◆ PROBLEM DETAILS ◆
Every line from the one with "Citroen C3 1.2 PURTEC" to the end of the listing below must be printed exactly, with no other text and no pictures.

Segment Start: DATA UNDER STUDY

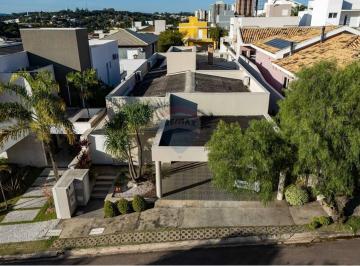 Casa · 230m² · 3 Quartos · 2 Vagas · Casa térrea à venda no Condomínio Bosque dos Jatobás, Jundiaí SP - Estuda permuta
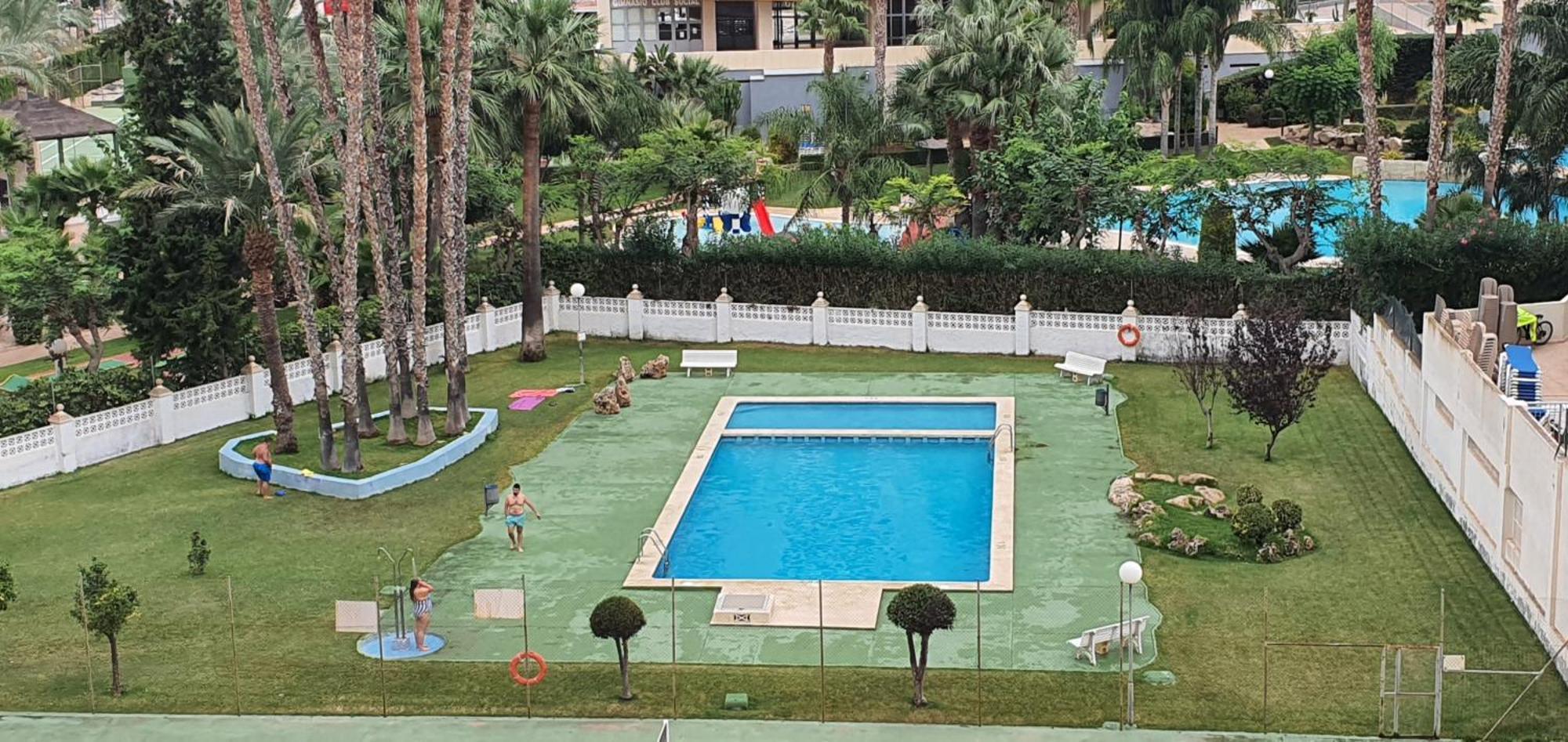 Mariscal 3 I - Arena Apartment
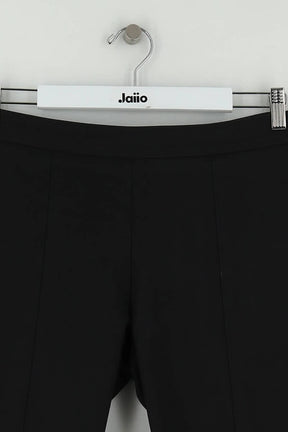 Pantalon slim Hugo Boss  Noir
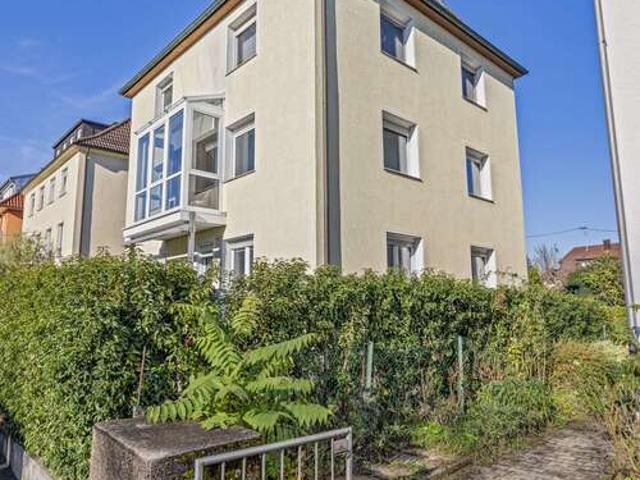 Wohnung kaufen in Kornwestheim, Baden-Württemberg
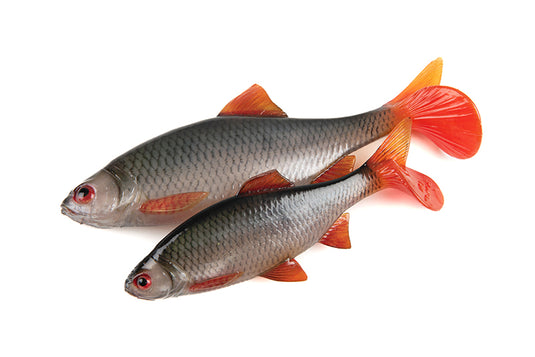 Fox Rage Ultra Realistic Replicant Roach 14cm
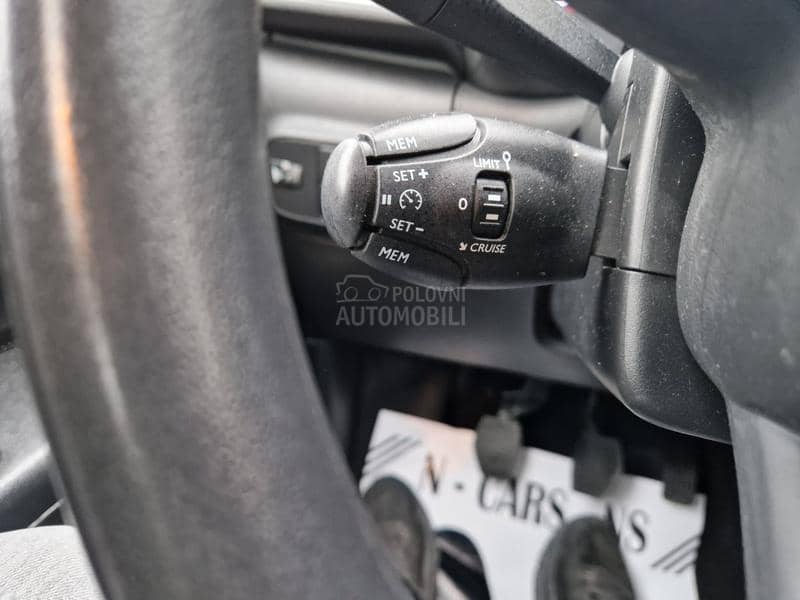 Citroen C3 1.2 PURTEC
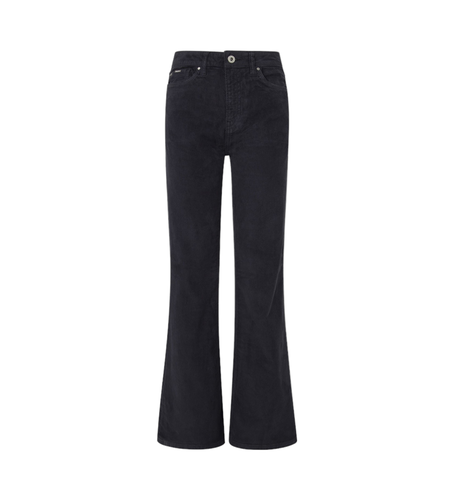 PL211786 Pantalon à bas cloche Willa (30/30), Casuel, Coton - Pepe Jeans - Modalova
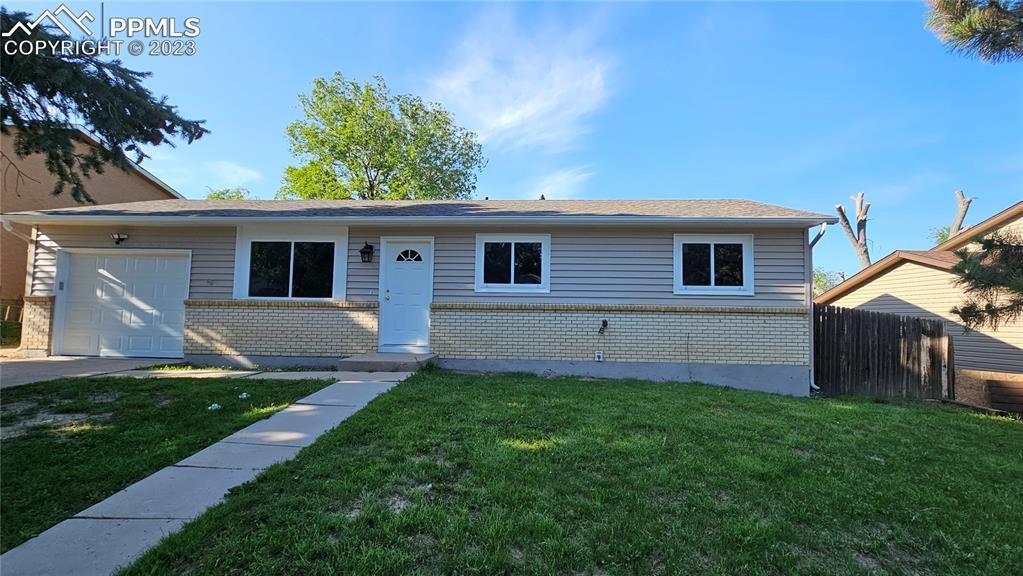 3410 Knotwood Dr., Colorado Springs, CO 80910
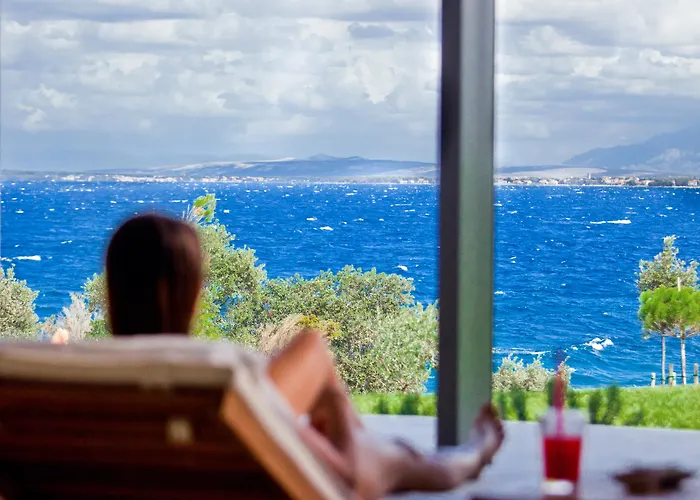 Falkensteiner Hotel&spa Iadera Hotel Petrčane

Segment End: DATA UNDER STUDY

◆ RESPONSE ◆
 Citroen C3 1.2 PURTEC
 PL211786 Pantalon à bas cloche Willa (30/30), Casuel, Coton - Pepe Jeans - Modalova
 3410 Knotwood Dr., Colorado Springs, CO 80910
 Falkensteiner Hotel&spa Iadera Hotel Petrčane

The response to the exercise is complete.